O que nos ensinam São Paulo, Eleázar e os irmãos Macabeus na situação actual

No debate sobre a liceidade moral das vacinas, são citados dois episódios, tirados da Sagrada Escritura, que parecem contradizer-se. Mas a contradição é apenas aparente.   

O primeiro caso, narrado no Segundo Livro dos Macabeus, é o de Eleázar, que preferiu morrer a comer carne suína (cap. 6, 18-31); semelhante escolha fizeram os sete irmãos Macabeus (cap. 7, 1-42).       

O segundo caso é o de São Paulo, que, na sua Primeira Carta aos cristãos de Corinto, afirma que é lícito alimentar-se da carne que é oferecida, sobre os altares, em sacrifício aos falsos deuses pagãos (1 Cor 8, 1-13).           

Um exame dos dois casos ajuda-nos a definir a posição correcta dos católicos no debate moral contemporâneo.

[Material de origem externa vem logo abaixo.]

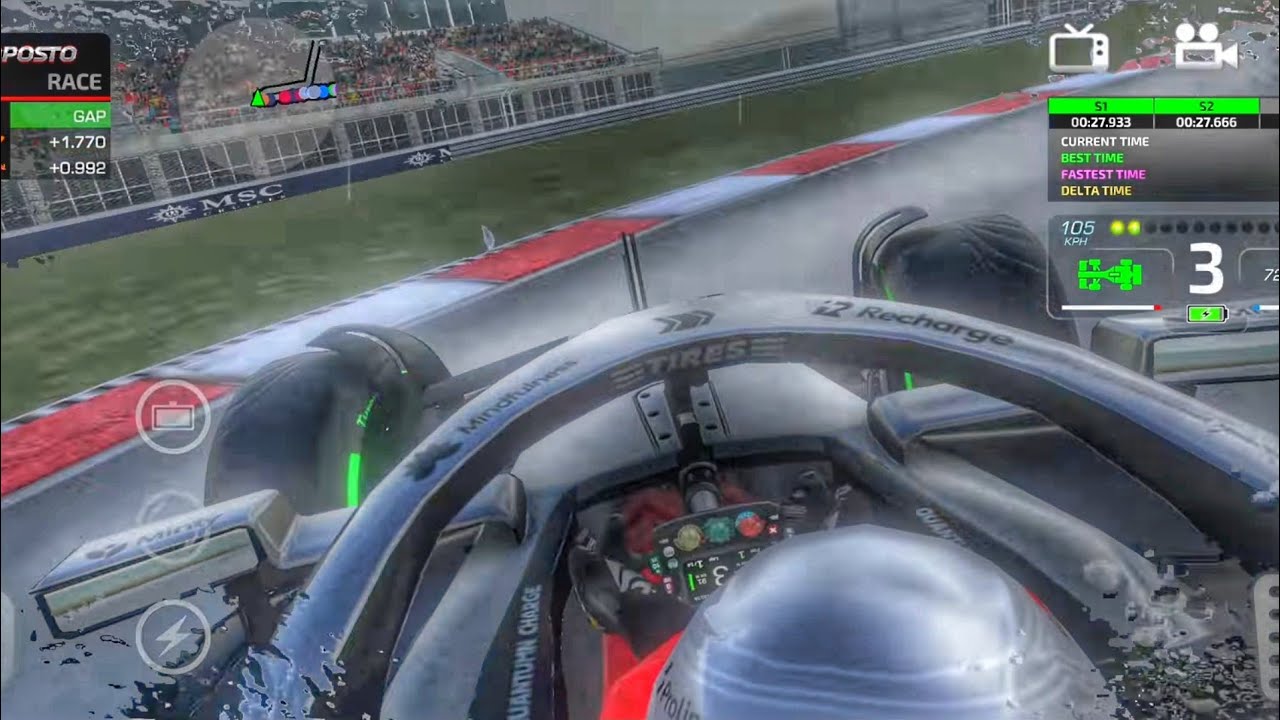 My Team career Mode Round 4 : Chinese grand prix 🇨🇳| Total domination Pole + fastest lap + win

Eleázar era um célebre Doutor da Lei, de 90 anos, que sofreu o martírio, em 167 a.C., durante a perseguição do rei Antíoco IV Epifânio. Foi pedido a Eleázar que demonstrasse a sua apostasia da religião nacional, comendo carne de porco proibida pela lei hebraica, e que o fizesse publicamente, para tornar evidente a todos a sua apostasia do culto de Jaweh. Ao ancião até se lhe abriu para que comesse a carne proibida pela lei. Mas ele recusou constantemente e rejeitou, inclusive, fingir que a comia, como lhe sugeriram os seus discípulos; porque mesmo se não a tivesse realmente comido, teria, de qualquer modo, feito crer que renegava a Lei de Deus e a fé n’Ele. O mesmo foi pedido aos Macabeus e também eles preferiram o martírio, respondendo aos perseguidores: «Estamos prontos a antes morrer do que violar as leis dos nossos pais» (cap. 7, 2).       

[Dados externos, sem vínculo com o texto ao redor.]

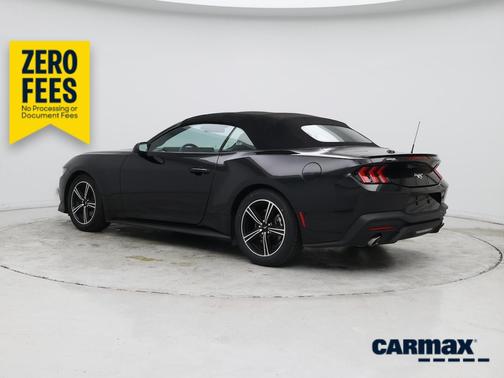 Black 2025 Ford Mustang Ecoboost Premium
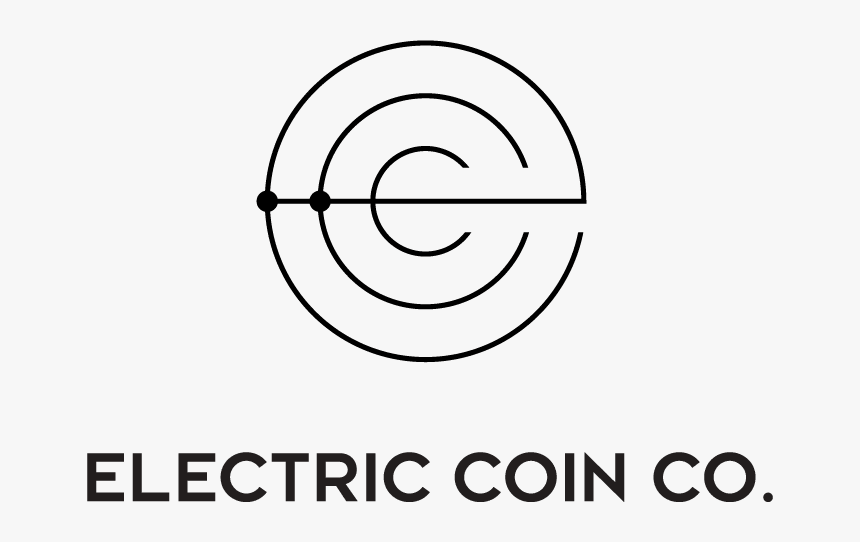 Black Vertical Electric Coin Co - Circle, HD Png Download, Free Download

A proibição da lei mosaica de comer carne suína cai, porém, com a vinda de Jesus Cristo, que morreu para anular todo o sistema das leis hebraicas (Rm 14, 2). Um Anjo apareceu a São Pedro, que não queria comer comidas impuras, e disse-lhe que nenhuma comida devia ser considerada contaminada, repetindo-lhe três vezes: «O que Deus purificou não o consideres tu impuro» (At 11, 7-12).  

A questão que alguns cristãos de Corinto colocaram a São Paulo não dizia respeito à carne de porco, mas àquela oferecida aos deuses durante os sacrifícios aos ídolos. Nos sacrifícios, de facto, as carnes imoladas eram queimadas em parte; o resto era distribuído a sacerdotes ou vendido nos mercados públicos. Visto que todos os açougues de Corinto usavam carne imolada aos ídolos, perguntavam-se se o cristão que comia daquela carne cometia uma apostasia. A alguns cristãos convertidos do hebraísmo repugnava, de facto, como a São Pedro, o pensamento de comer algo que era considerado impuro na sua religião precedente.  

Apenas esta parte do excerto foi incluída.